OddThinking

A blog for odd things and odd thoughts.

Robots.txt Boost: Don’t record these URLs

So, I have a web-site with some automatically-generated pages. It includes very mildly personal information; for the sake of argument, let’s say it is their shoe-size.

This information is intended only for a select group of shoe-enthusiasts, doing research. I don’t want this web-site to appear in the search engines. People randomly searching for someone shouldn’t find their shoe-size.

The first option would be to password-protect it (or otherwise authenticate each user).

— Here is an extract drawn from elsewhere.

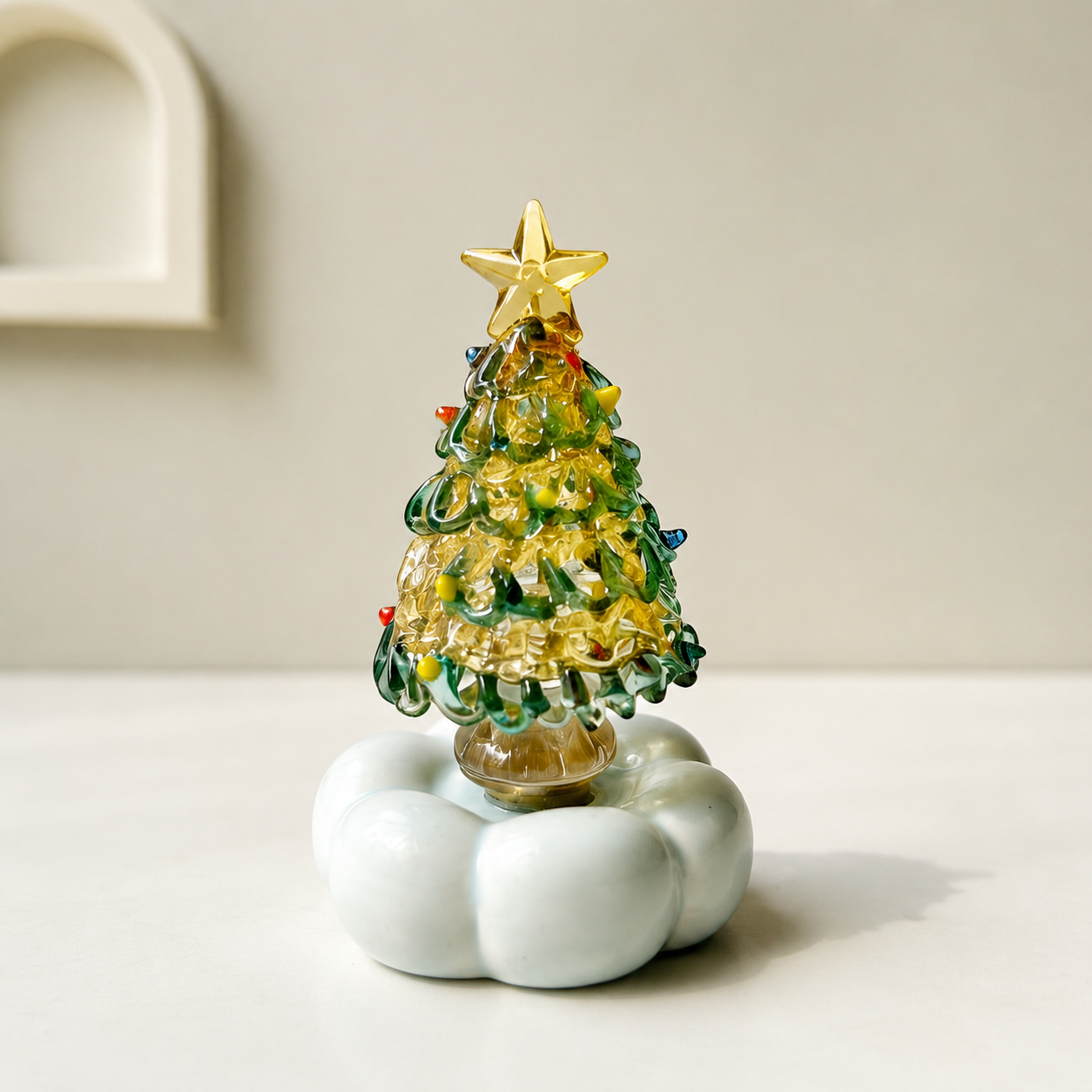 Handmade Jingdezhen Glazed Christmas Tree Decoration with Rotating Design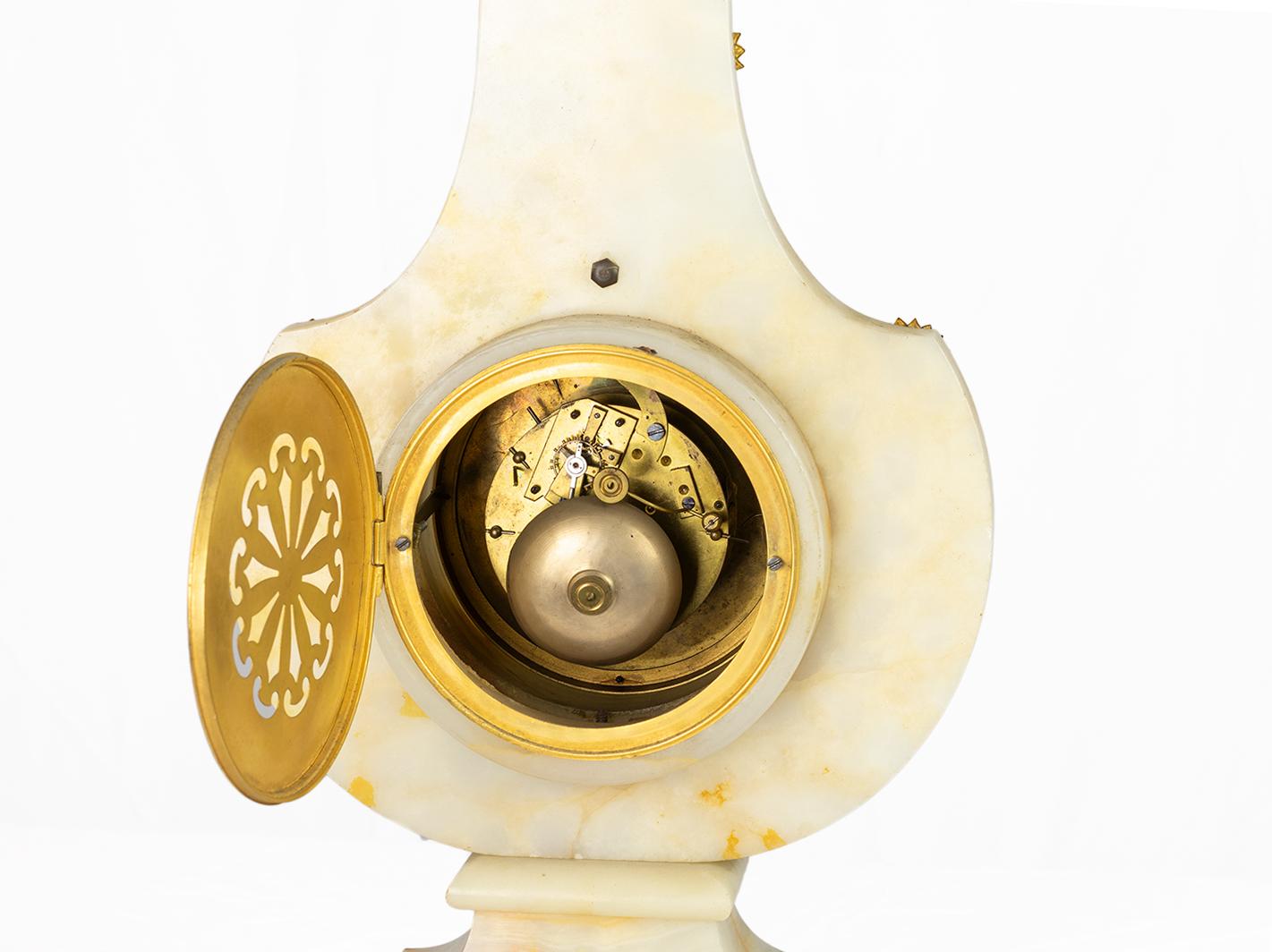 Pendule Lyre Luis XVI White Marble Clock, 19th Century For Sale 3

However, that is hugely onerous on the legitimate users of the site, for something as mild as shoe-size.

So, I went for the honour system provided by robots.txt. “Please, please,” I asked the search engines, “Don’t go looking in my shoe-size directory.” While it is not guaranteed, the convention robots.txt is widely followed by bots.

Google honoured the letter of my request, but not the spirit. (I only pick Google out because I use it, not because it is necessarily the only offender.) It doesn’t search the page, but when someone links to it, Google will still return it. (e.g. <a href=wherever.html>Kevin Rudd's Shoe-Size</a> will be found when searching for Kevin Rudd’s shoe-size, even though the URL itself is never visited by Google’s bots.)

How do you get around this? Google explain that there is another convention – the noindex meta tag.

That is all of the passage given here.